Masters & Doctoral Programme 
 in Humanities and Cultural Studies 

CALL FOR PAPERS: ‘On Choreography’ 

Entry added: July 8th, 2007 | Posted in Calls for Papers, Noticeboard

Performance Research

Volume 13, No. 2 (June 2008) ‘On Choreography’

Issue Editors: Ric Allsopp & André Lepecki

CALL FOR PAPERS

In the contexts of European performance arts in particular, choreography as a term and as a field of activity has shifted radically since the 1990s.

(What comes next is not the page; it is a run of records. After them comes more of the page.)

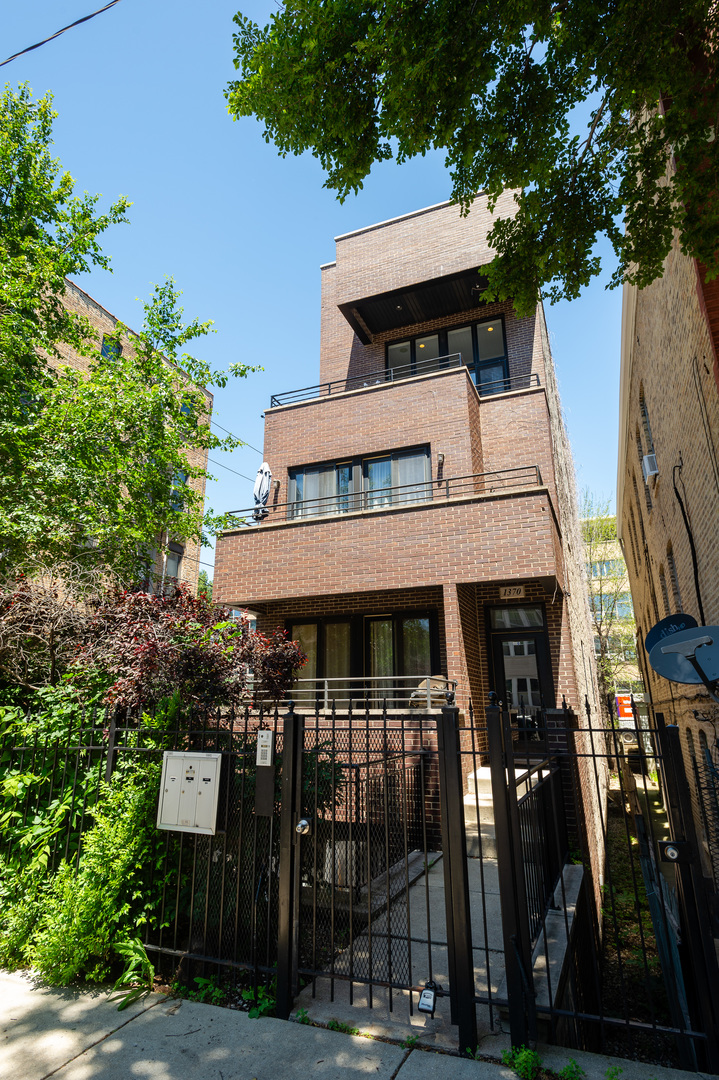 a front view of a house with parking area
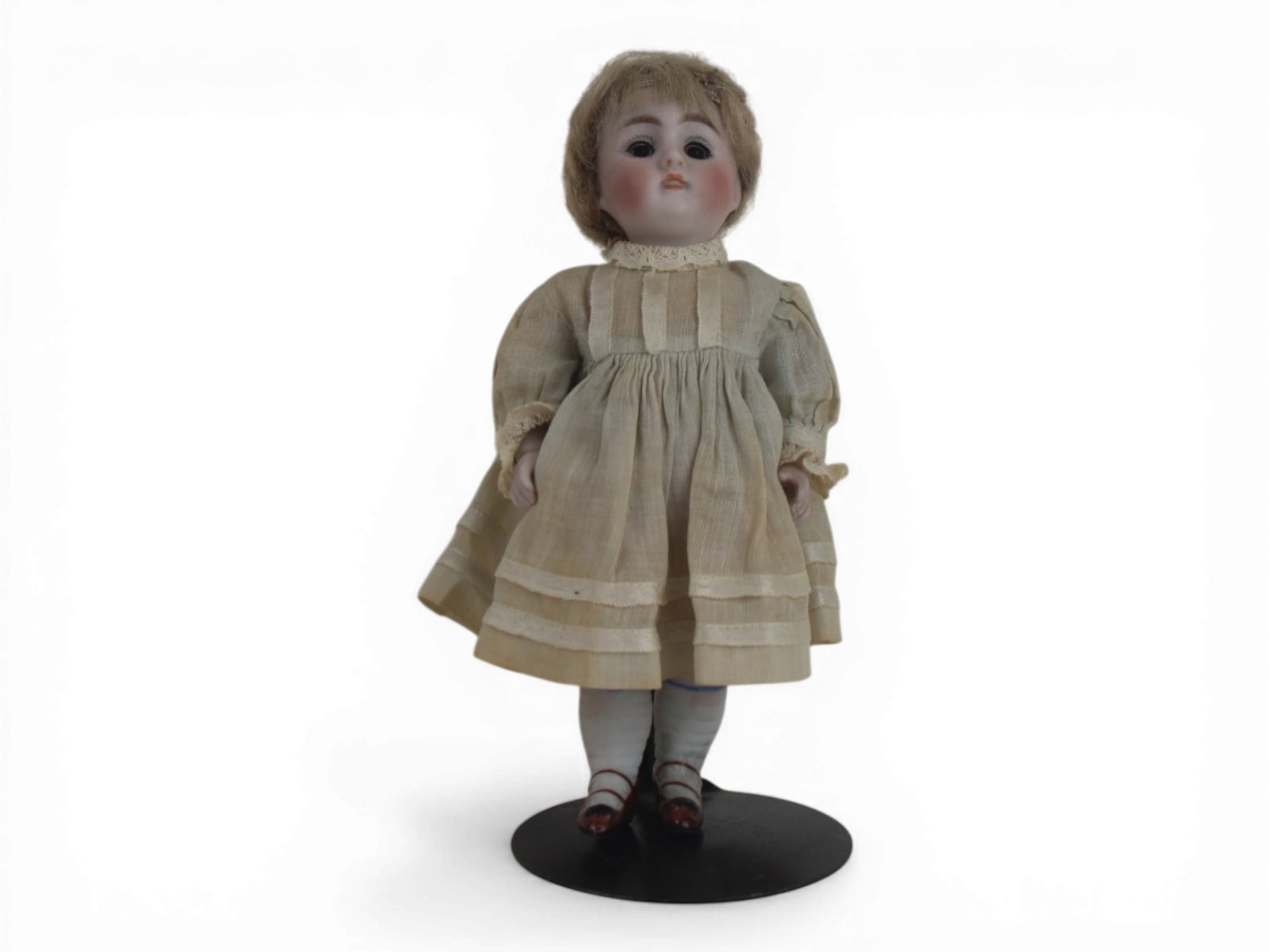 German All Bisque Doll in Antique Dress: 6.5 inch German all bisque doll jointed at shoulders and hips with antique dress and original wig. Circa 1900. Shipping: Weiss Auctions offers full-service, in-house shipping for nearly all items in t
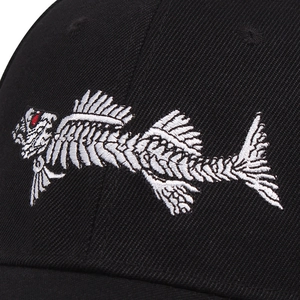 Macro shot of 3D fishbone embroidery on black twill cotton baseball cap with red details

Stable and historical definitions of choreography as inscriptions of movement characterized through compositional approaches to bodily movement in time and space, have moved towards choreographic approaches that question such normative relationships between movement, composition and the production of dance, and expand the notion of choreography as an art that includes a wider range of conceptual tools, materials and strategies.

This shift towards the conceptualization of choreography in terms other than or additional to the arrangement of bodily movement, has produced a range of performance work (inclusive of such diverse practitioners as Alice Chauchat, Jerome Bel, Marten Spangberg, Vera Mantero, Xavier Le Roy, Meg Stuart, Thomas Lehmen, Matthew Goulish, BADCo, Jonathan Burrows, William Forsythe) that suggests that choreography is a field of contemporary arts practice that provides not only vectors for new forms of trans-disciplinary arts research but also a locus for questioning the orthodoxies of contemporary art work and practice. Through this work choreography can now be seen to invoke, recuperate and incorporate other forms of cultural practice (both historical and contemporary).

If choreography begins to challenge conceptions of how bodily movement produces dance as an object, then it also asks a number of questions which challenge assumptions about dance and body-based education: Where is the space of choreography? What concepts of dance, of performance, are proposed by particular choreographic ideas? How does choreography relate to notions of language, critical theory, theatricality, textual practice, performance, digital media, the exploration of cognitive and physical states? How is choreography informed through engagement with other critical vocabularies, for example walking, exhaustion, immateriality, assemblage, haunting, stillness, speech, joy, mis-guiding, mimicry, power, silence or dust?

‘On Choreography’ invites artists, practitioners and theorists to submit critical articles, documents, or artist’s pages which position choreography in relation to the contexts and discourses of contemporary culture, to expanded and open concepts of performance and performance-making and in relation to an expanded view of what choreography might mean now as a generative, productive, or even redundant term.

Deadlines for issue 13:2 are as follows:

Proposals: September 7th 2007

Draft manuscripts: December 2nd 2007

Finalised material: February 1st 2008

Publication Date: June 2008

Please note that the transfer of the Administration of the Journal from Dartington to Aberystwyth will be effective from July 2007. Hence, ALL proposals, submissions and general enquiries should be sent direct to:

Sandra Laureri
Administrative Assistant - Performance Research
Centre for Performance Research (CPR)
Aberystwyth
SY23 3AJ
Wales, UK
Tel: +44 (0)1970 628716
Fax: +44 (0)1970 622132

Email: performance-research@aber.ac.uk
Web: www.performance-research.net

Editorial enquires should be directed to Ric Allsopp ricallsopp@mac.com or André Lepecki Andre.lepecki@nyu.edu

General Guidelines for Submissions http://www.performance-research.net/pages/guidelines.html

Performance Research is MAC based. Proposals will be accepted in hard copy, on CD or by e-mail (MS-Word or RTF). Please DO NOT send images electronically without prior agreement.

Please note that submission of a proposal will be taken to imply that it presents original, unpublished work not under consideration for publication elsewhere. By submitting a manuscript, the author(s) agree that the exclusive rights to reproduce and distribute the article have been given to Performance Research.